By Tony Attwood
Obviously, we all want Arsenal to improve. Probably the only time no one talked about improvement was after the Unbeaten Season. But the rest of the time we want each season to be better.
And the media tells us day after day that this can only be gained by having a) new players (52 have been tipped so far) and b) a new manager. This is usually backed up by occasional figures – which are often false, as we have shown on this site from time to time.
Indeed As I write this the biggest stories circulating according to NewsNow are
- ‘I’m in discussions’: Arsenal star confirms transfer talks, just five weeks after Arteta called him ‘terrific’

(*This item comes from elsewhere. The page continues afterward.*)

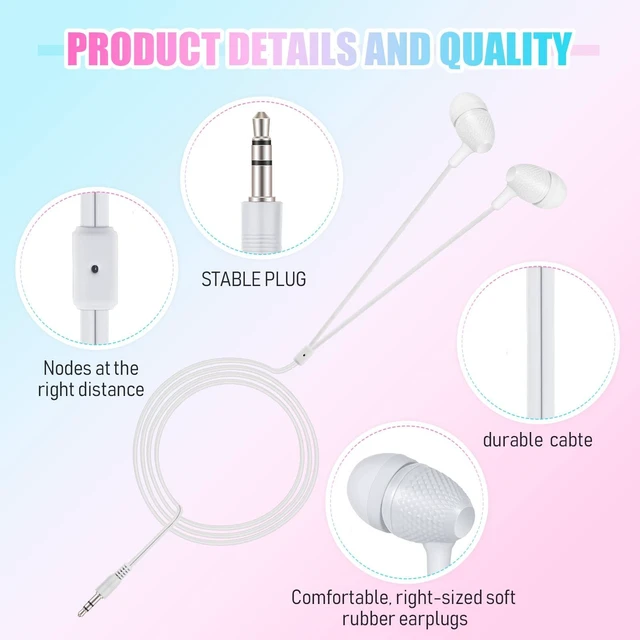 Alt view image 3 of 7 - 200 Pack Earbuds Bulk Earphones 3.5 mm Classroom Headphones for Adult Assorted Colors Earbud Wired Earphone Without Mic for Adult Office Home Individually Bagged(White)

- ‘Got swarmed’, ‘too wasteful’: Arsenal duo fail to impress on loan in country’s biggest game of the season last night
So it goes, on and on. Arsenal are not very good, and even our loanees are not very good. And the solution is either (or both) to change the team and change the manager. No one considers how much progress Arsenal has actually made since last season. So once again it’s down to us.
In the table below we show the position of Arsenal in recent years after 31 games. In the final column we show the number of points we are behind fourth place, and in the two seasons we were above fourth place how many points by (shown as +)

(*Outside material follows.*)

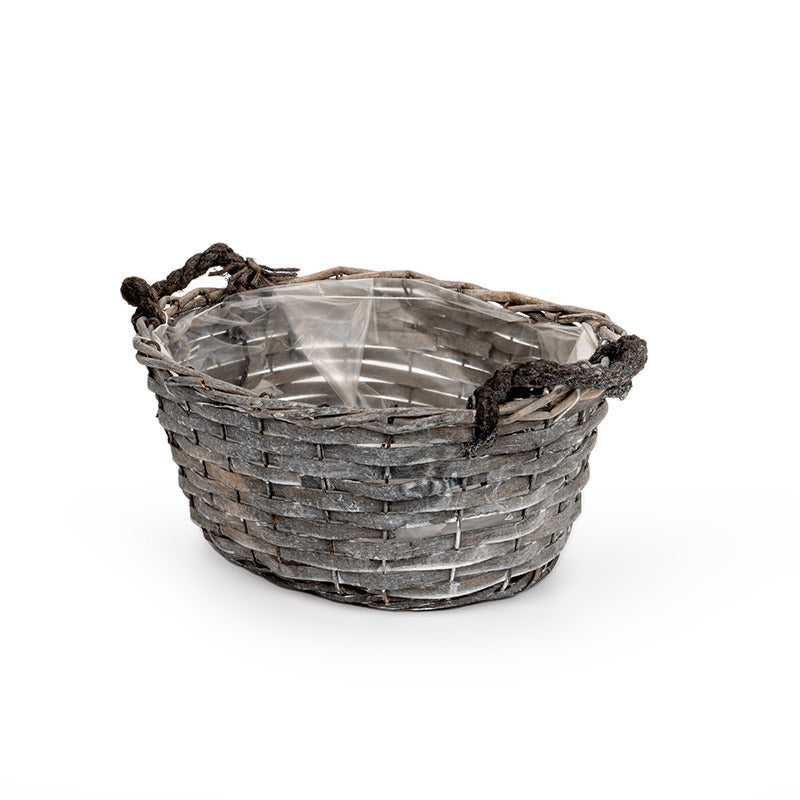 Ghiveci Oval Din Lemn Cu Două Toarte De Frânghie Gri 30X23X13,5Cm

At this stage of the season we have only twice in the past seven seasons been at fourth or above, in 2018/19 and in 2015/16. And this period has been one of managerial change – three different permanent managers have been at Arsenal between 2015/16 and 2021/22. And yet this regular change of management has not brought about the desired finish.
Indeed correspondents have often written in and said that doing same thing which fails, over and over again, is a sure sign of madness. But that is what many correspondents suggest: change the manager, change the team, even though that keeps failing.
Of course we might still get fourth this season, but recent results have knocked us back, and at the moment one would have to say the odds are against.
So we’ve had this period of regular change (three permanent managers in seven seasons) and failed to get what is now seen as the target (fourth) more than twice, and the call from “supporters” is to continue with the failing policy of changing managers AND DO IT AGAIN.
Yet there are obvious reasons for not changing managers again: the manager brought in a young set of players last summer, all in defence, and while I have never quite understood why this happened given the success of the last two-thirds of last season, it has been done.
Next season the defence will come back in settled, older and more experience, and I would expect them to get the club back to the defensive qualities of the last two-thirds of last season when we had the second-best defence in the league.
Changing the manager now would undoubtedly mean that the new man would rip up that defence. And even more dangerously I doubt that he would fully appreciate the size and nature of the vendetta against Arsenal defenders practiced by the PGMO.
For we must not forget that Arteta took Arsenal from being the club getting the most yellow cards down to the club with among the fewest cards by changing tactics – all in one season. The danger of a new manager is that he might well not understand just how vindictive PGMO men can be given half the chance.